The new frontier of the China deals we are seeing in the market these days is joint ventures with Chinese partners. It remains to be seen how many of these will pan out. But Terra Nostra raises the bar further….way further. They are booking the profits for their Chinese joint venture deals that they haven’t even finished paying for yet. Even with the recent financing, Terra Nostra is still $12.8m short of paying for its copper joint venture over two years after founding it. Meanwhile it operates with negative working capital near $30 million. With the capital structure of one of its two current operating entities still undetermined, Citron cannot fathom how earnings in “cents per share” can be deemed to have any meaning whatsoever and reported to the public, when the underlying joint venture isn’t paid for. (Even presuming it could be disentangled from its pile of related party transactions)

The company’s auditor, Rotenberg & Co, a small firm in Rochester New York, is half a world and half a year away from being able to bring sufficient professional scrutiny to this pile of uncertainty to lend any professional credence to this claim of profitability. Meanwhile, investors’ best valuation metric is the price at which the company sells its own shares.

Keep Counting

With the financing announced today, the company’s fully diluted share count is 75.6 million, up 16 million or 27% in just the last year. But the company is far from done. The company claims it needs to raise an additional $35m to $40m to complete its capitalization. At the current price is it commanding for its paper, the dilution for this financing, if it can be achieved at all, will be staggering.

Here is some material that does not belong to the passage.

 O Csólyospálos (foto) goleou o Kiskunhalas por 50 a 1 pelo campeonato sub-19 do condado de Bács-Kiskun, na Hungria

From Terra Nostra’s 10-Q just filed 10/22/07

At present, based on current operations, the Company does not have sufficient cash and liquid assets to satisfy its cash requirements on a monthly basis. The operations of the Company as at August 31, 2007, are undertaken by the Subsidiaries, two Sino-Foreign Joint Venture Companies in which the Company holds a 51% interest, operating under the laws of the PRC. There can be no assurance that the Company will be able to raise the required funds to fulfill its capital contribution commitments under the respective STJMC JV. Should the Company be unable to provide the funds required according to a schedule as determined by the STJMC Board of Directors, the Company could potentially be subject to a diminished ownership percentage.


In the opinion of Citron Research, Terra Nostra is a paper mill masquerading as a metal mill. The dilution is out of control, run by a family with serious history of securities fraud run out of a Bahamian holding company.

It is predictable that the public’s passion for China stocks will be met by all kinds of opportunists. But the ones from Vancouver and Boca – with bad operators behind them – afford every reason to stay away.